Sounds a little cheeky, right? Maybe it even drew a small gasp from readers who work in the foundation world and are familiar with how the official public tone tends to be overwhelmingly positive and uncritical, where every idea is a good idea that deserves be supported and nurtured.

But has yarn-bombing ever really changed a city or empowered a people? Does all of the endless think-tank talking lead to any actual doing?

People’s Liberty was designed as a five-year experiment to see how philanthropy can be done differently…possibly even more effectively. They didn’t want something permanent; they wanted it to have a timeline with a sense of urgency.

“Building this as a separate brand from the foundation gives us ability to be more experimental, to have a slightly cheekier tone, a different pace, a different way of using tech and design,” Avner explains. “All of these things, whether storytelling or design or metrics or outreach or work culture, will ultimately make us better grant makers. It also sets the tone for how to reach people in ways that are more authentic without seeming stuffy, but do it in a different way than foundations typically operate.”

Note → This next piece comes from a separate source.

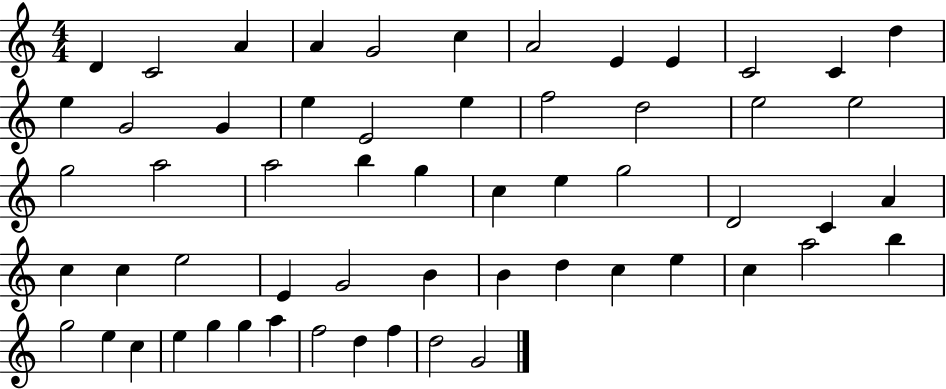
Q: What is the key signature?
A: C major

He outlines the questions they seek to answer with this experiment: “Could we give grants to an individual or groups of individuals and see if they’re able to make a difference in their communities? What kind of grant strategy would that be? Could that extend our placemaking in ways that other foundations don’t do? Can we leverage our philanthropy in a way that empowers a cadre of future civic doers?”

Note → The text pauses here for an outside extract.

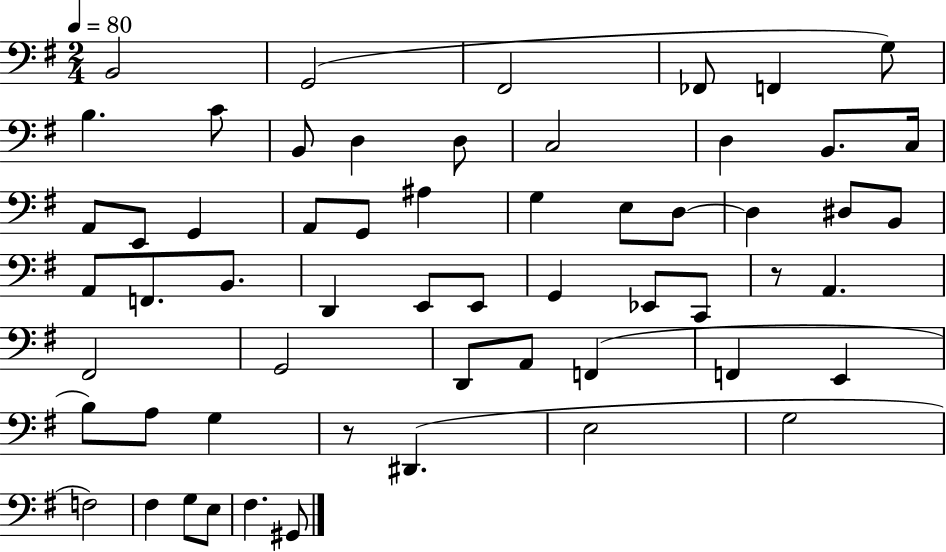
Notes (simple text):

B2/h G2/h F#2/h FES2/e F2/q G3/e B3/q. C4/e B2/e D3/q D3/e C3/h D3/q B2/e. C3/s A2/e E2/e G2/q A2/e G2/e A#3/q G3/q E3/e D3/e D3/q D#3/e B2/e A2/e F2/e. B2/e. D2/q E2/e E2/e G2/q Eb2/e C2/e R/e A2/q. F#2/h G2/h D2/e A2/e F2/q F2/q E2/q B3/e A3/e G3/q R/e D#2/q. E3/h G3/h F3/h F#3/q G3/e E3/e F#3/q. G#2/e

As a private family foundation not beholden to shareholders, the Haile Foundation has a bit more autonomy to conduct such an experiment.

They took 18 months to develop and build out this new philanthropic lab, which included renovating a space in a building across the street from the Findlay Market in the fast-transforming Over-the-Rhine neighborhood that includes administrative space for People’s Liberty as well as an additional 800 square feet of store frontage for installation projects.

People’s Liberty officially opened in March 2015, at which point they had fully developed all of their custom software systems and grant programs.

“When we launched we were ready to go and hit the street running,” says Avner. “The day we unveiled it everything was already built out. That was unusual because we built it so quietly.”

The People’s Liberty programs include Project Grants, Globe Grants, the Haile Fellowship, and the Society of Mad Philanthropists Residency.

With the Society of Mad Philanthropists Residency, People’s Liberty invites nine early-career designers and writers to work for them, and get paid, full-time for three months. Unlike their other programs, this one is age-specific – they want to give young creatives just starting their careers an opportunity to do real work and get paid for it – but not region-specific, so it is not just limited to people who live in Greater Cincinnati.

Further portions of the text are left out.